In short, the only people that ought to have been crying foul over what we were doing were the Sex Pistols themselves.

Ah, but thereby hanged a clue, for in 2006, the terrible trio agreed to sign over their hard fought for musical back catalogue to Universal Records – having neither the time, inclination nor financial muscle to go fighting bootleggers on their own, but keeping strict control over everything else made in the Sex Pistols name.

‘The Time Is Right To Do It Now, The Greatest Sims 3 Store Swindle…’

Against their better judgement, in 2010, they gave Live Nation permission to make branded Sex Pistols content for Sims 3 (or rather got EA to make it for them) along with a number of other recording artistes – consisting of barely legible ‘Anarchy In The UK’ t-shirts for adults only and a poster, all for 300 points, and which could only be bought with Simpoints bought from the EA store, complimentary points for the base game or World Adventures could not be used.

They were subject to howls of derision from Sex Pistols fans and Sims 3 players alike, who knew a swindle when they saw one, as Phantomflex illustrated on the EA forum.

The EA forum’s own information guru was even more dismissive.

Members couldn’t even gift them to other Simmers, just about the only way anyone would want to buy them.

Now at this time, Live Nation’s efforts also had some rather stiff competition from a certain little bundle of t-shirts and hooded tops that had been released six months earlier.
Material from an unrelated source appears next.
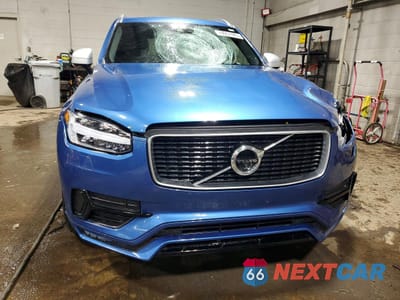 Piąte zdjęcie samochodu w środku: 2019 VOLVO XC90 T6 R-DESIGN VIN:YV4A22PM9K1443941 - miniatura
Not only were we offering more stuff in better quality (as we took into account what artwork did and what didn’t realistically work with the game, rather than proffering any old tat), but it was available for adult and teen Simmies, and all for free.

So except for the terminally moronic who publicly declared they was going to bloodymindedly buy the Live Nations crap but not touch ours just to show what big poopy pants we were (hello Jamesmc93!), it like the rest of the Live Nations tie-in was a monumental flop. Even putting them on special offer didn’t help and in the end they gave them away for free.

However, at the point these events were occuring, the Live Nation Sex Pistols products had just been put back on sale in the EA Store branded content section, back at 300 points. Were they behind the complaint? If so, why not complain about the other Sex Pistols content from here at the same time?  That alone dismisses them as being the culprits – knowing they were two years too late in the day for it to make any difference to their sales. But it did suggest someone was hoping perhaps to make us think they had been behind it. If that was so, they’d failed by deign of the very people they’d chosen to be their instrument of ‘revenge’ on us.

But we’ll come to the IFPI a little later.

‘Did You No Wrong’: To Take Arms Against A Sea Of Bumnuggetry…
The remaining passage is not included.